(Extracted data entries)
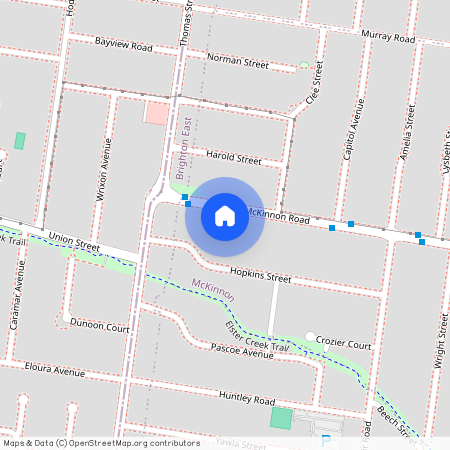 12 A McKinnon Road, Vic 3204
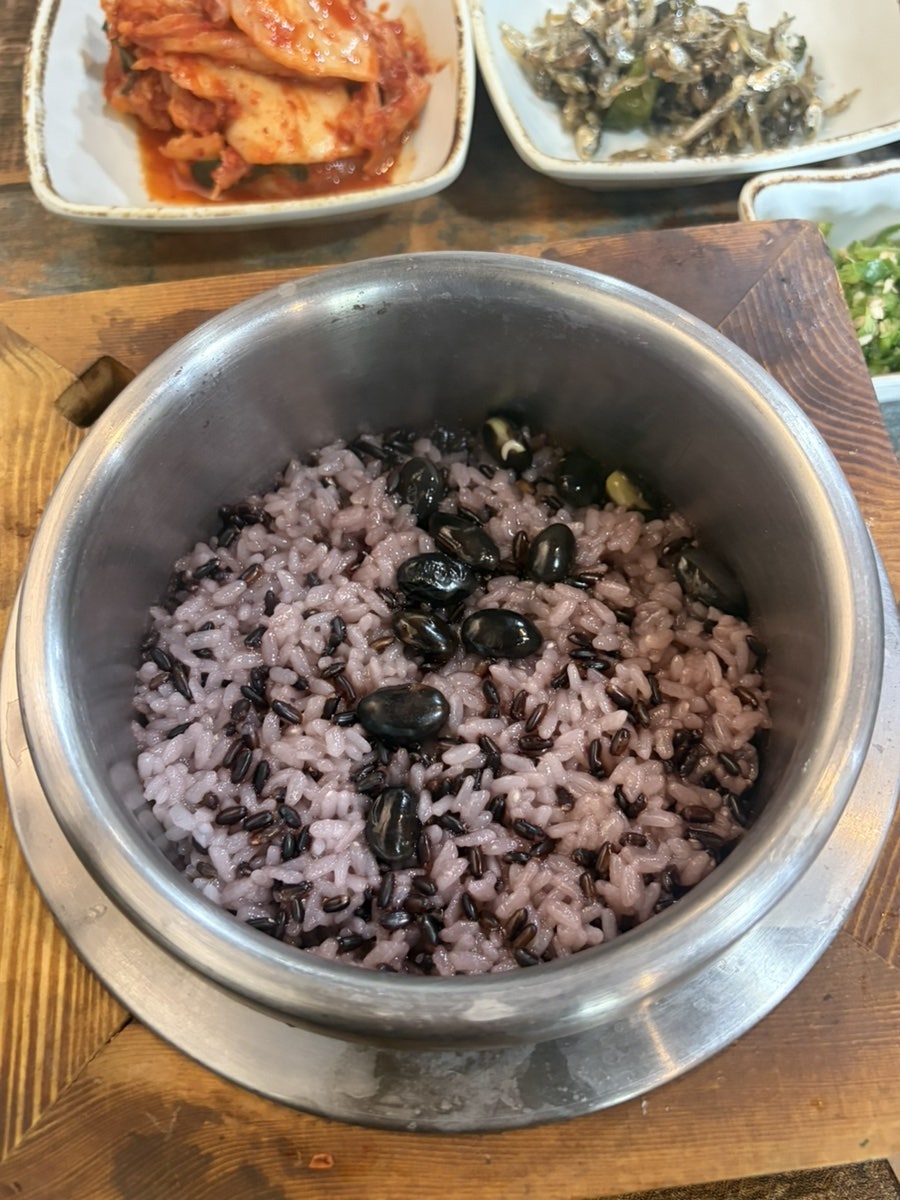 석대가마솥추어탕 사진 6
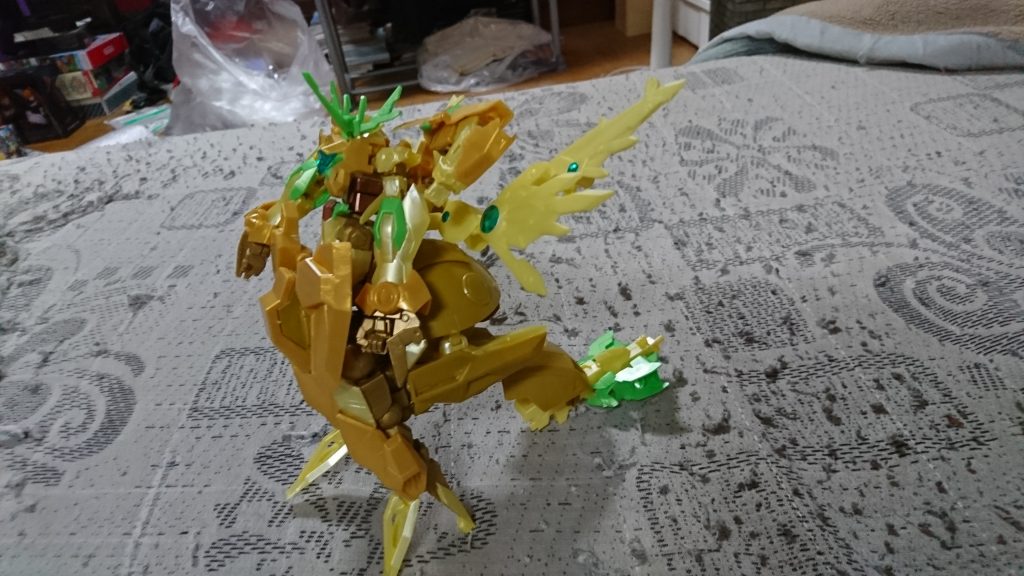 横から見た図です。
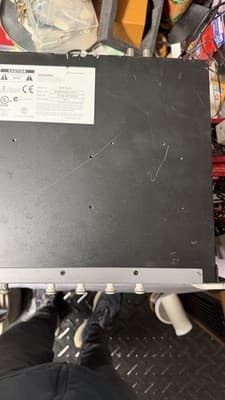 Digidesign 003 Rack Audio Interface Pro Tools FireWire Tested - Thumbnail 15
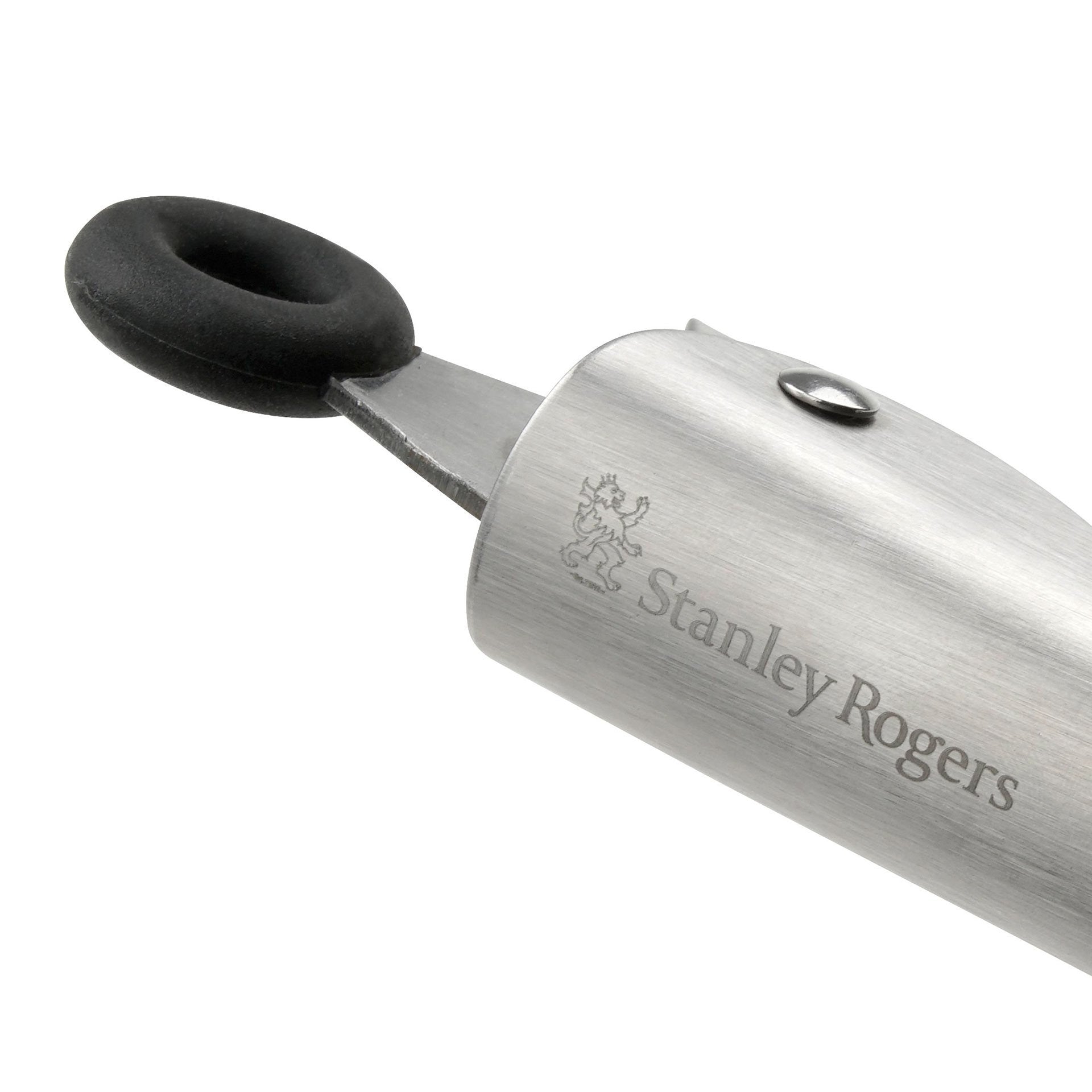 Stanley Rogers Multi Purpose Tongs Small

◆ EXERCISE
Line by line, write out the records above exactly, skipping the pictures.

◆ REPLY TO THE EXERCISE
 12 A McKinnon Road, Vic 3204
 석대가마솥추어탕 사진 6
 横から見た図です。
 Digidesign 003 Rack Audio Interface Pro Tools FireWire Tested - Thumbnail 15
 Stanley Rogers Multi Purpose Tongs Small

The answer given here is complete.